Following their arrival in the year 711, the Moslems began
a prodigious stay in the region. The caliphate of Cordoba
was the most sophisticated state in Europe. For eight centuries,
the Arabs enlightened the area with agricultural techniques,
botanical and scientific knowledge, poetry and intellectual
development.
The Caliphate´s political breakdown was used by
the Christian kingdoms in the north of the peninsula to
accelerate their Reconquista, or Reconquest.
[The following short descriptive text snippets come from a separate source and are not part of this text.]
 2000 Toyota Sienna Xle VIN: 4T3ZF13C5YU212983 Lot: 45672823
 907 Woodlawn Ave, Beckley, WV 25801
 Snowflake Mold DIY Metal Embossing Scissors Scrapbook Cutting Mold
Cordoba fell
in 1236 and Seville in 1248. The last stronghold, the Kingdom
of Granada, was conquered by the Catholic monarchs in 1492.
In the same year, Columbus sailed from the Andalusian port
of Palos, in Huelva, to discover America.
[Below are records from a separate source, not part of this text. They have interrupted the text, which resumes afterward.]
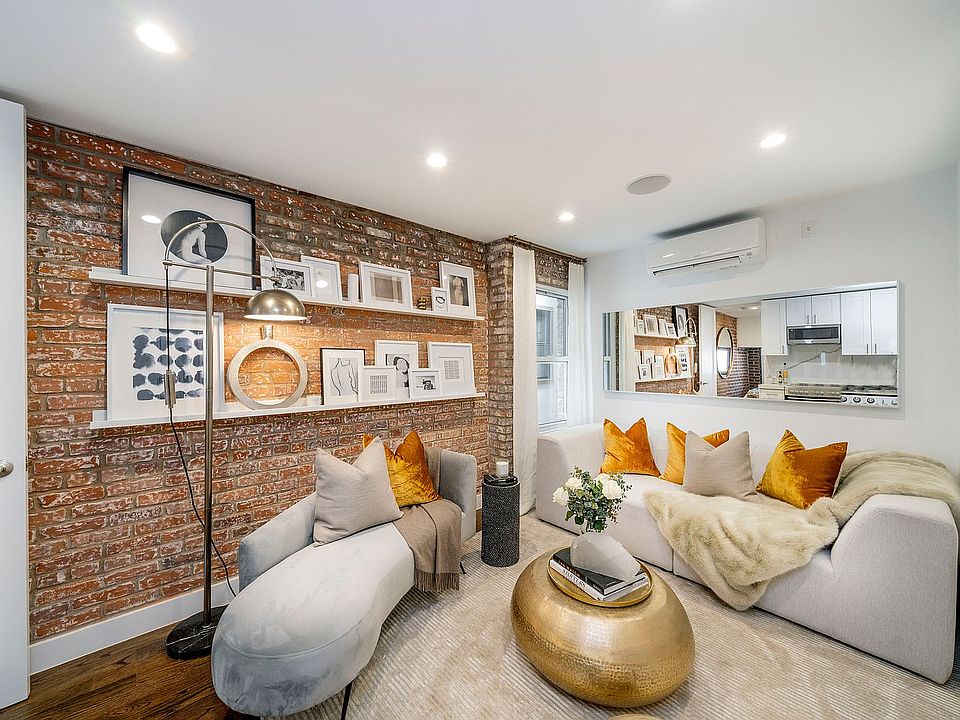 1st image of 35 Crosby St APT 3R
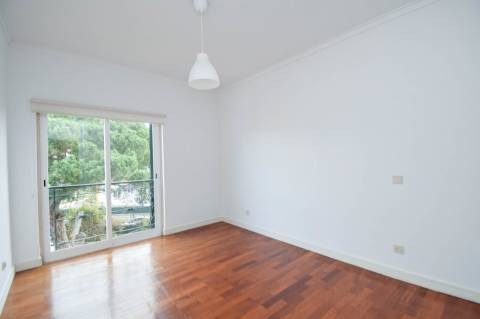 Apartamento T3 para arrendar no Monte Estoril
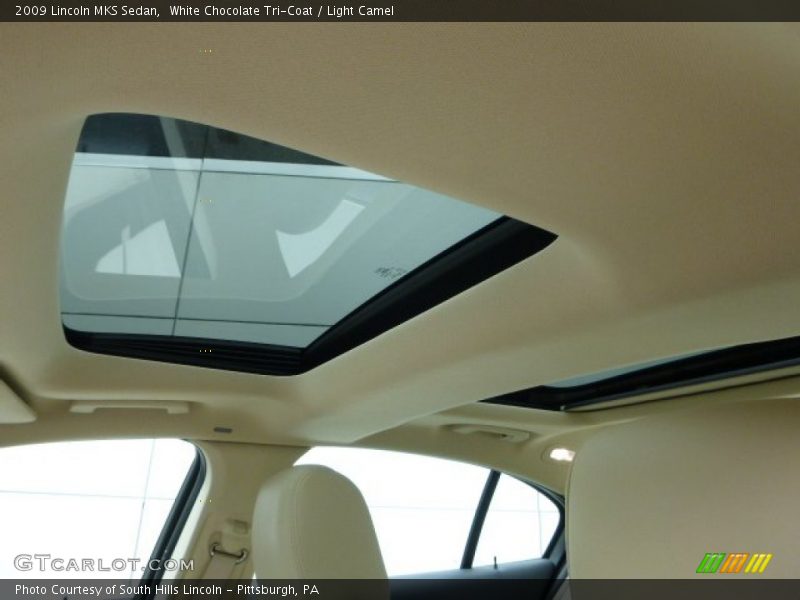 White Chocolate Tri-Coat / Light Camel 2009 Lincoln MKS Sedan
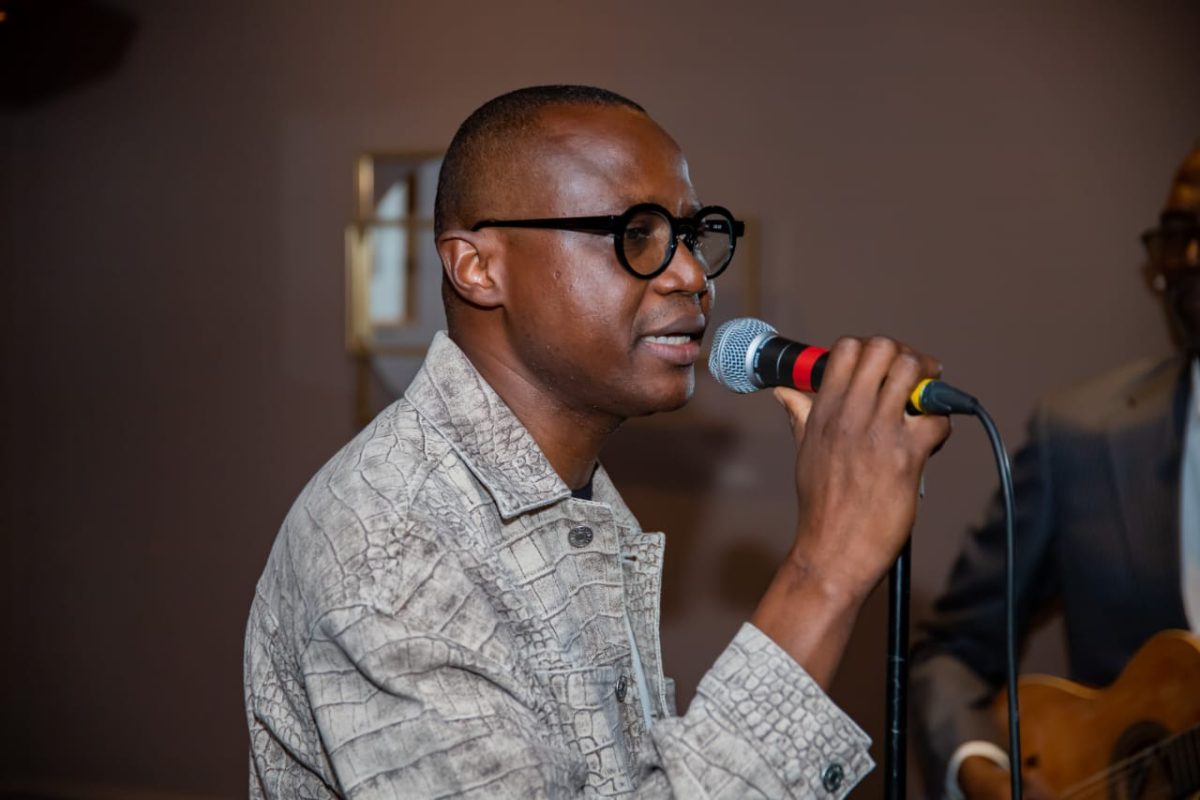 Assane Pène; musicien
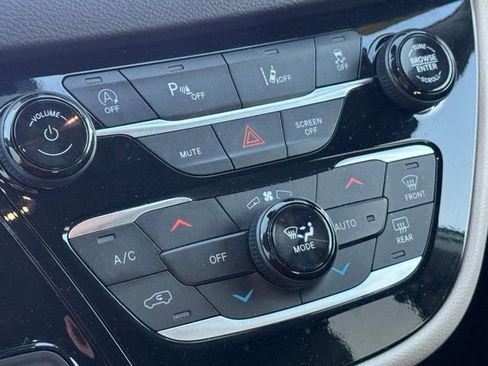 Used 2024 Chrysler Pacifica Touring-L image 49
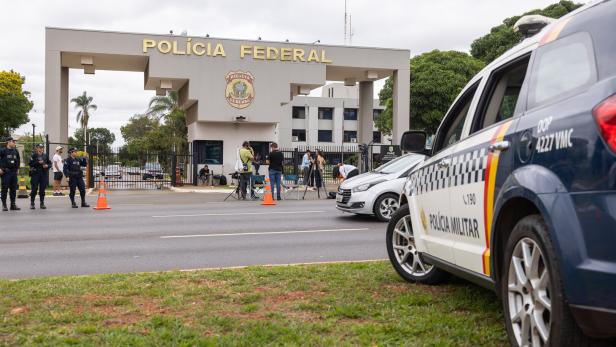 Former Brazilian President Bolsonaro detained after a run-away attempt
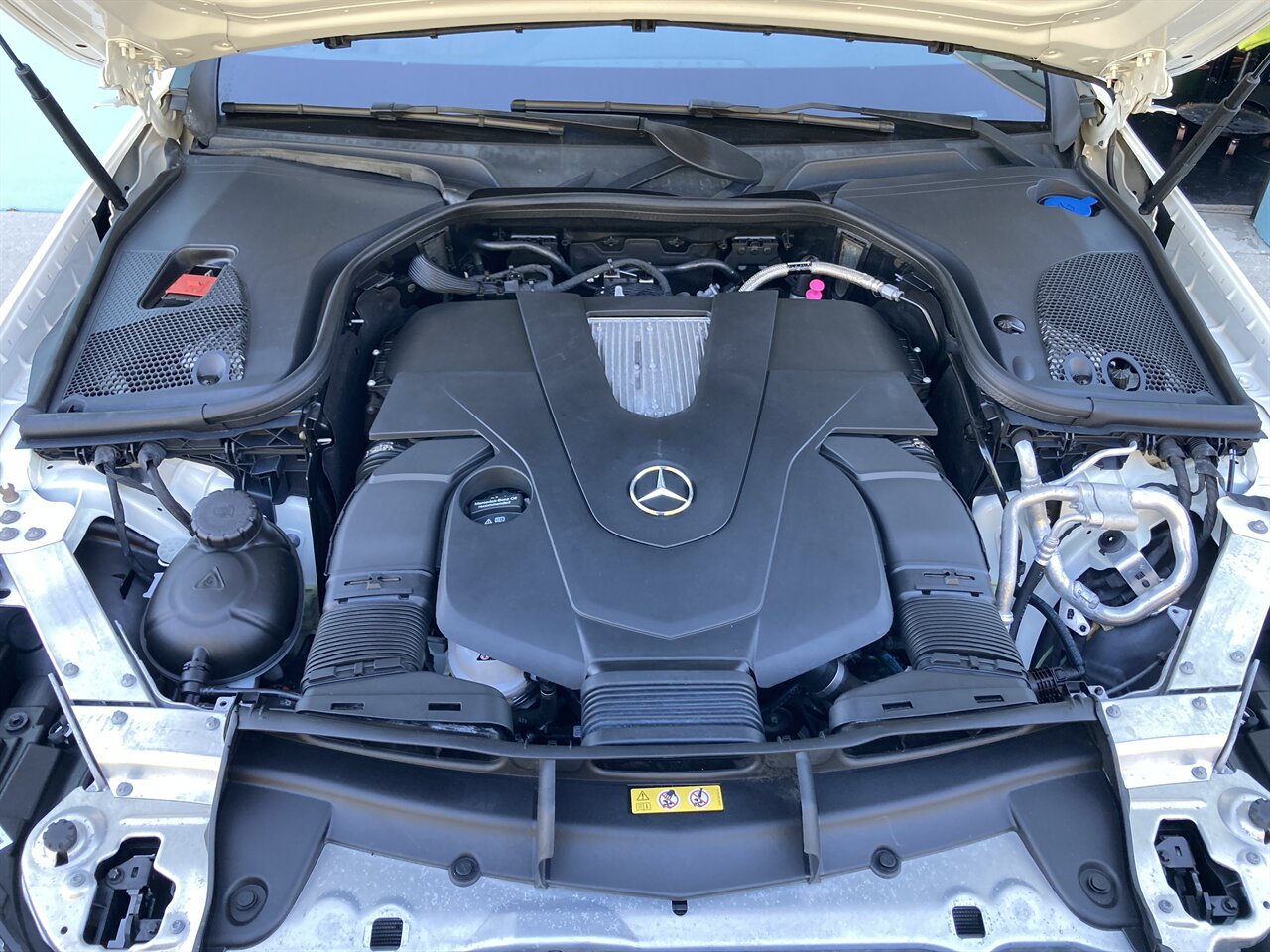 2019 Mercedes-Benz E 450 4MATIC   - Photo 43 - Stuart, FL 34997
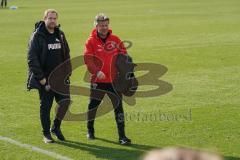 3. Liga - FC Ingolstadt 04 - Wintertrainingslager Spanien - Testspiel - Kaa Gent - 2:3 - Spiel ist aus, Technischer Direktor Florian Zehe (FC) und Cheftrainer Jeff Saibene (FCI) gut gelaunt Gespräch zufrieden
The world´s economic and political center of gravity had been displaced.
One Andalusian city took advantage of this crucial moment in history and went
on to enjoy 150 glorious years, becoming "the beating heart of Europe". Seville
was the nerve center of the Spanish empire. Silver and gold, brought to its harbours
by ships arriving from America, was coined and distributed throughout Europe.
Cádiz later continued Andalusia´s dominance of trade with the Indies.
The Andalusian town of Sanlúcar de Barrameda was the starting and finishing
point of the First Circumnavigation of the World.
Later, romantic travellers would recall the splendors
of the past, with the aid of archaeological remains, ruined
towers, and patios hidden within old houses and palaces.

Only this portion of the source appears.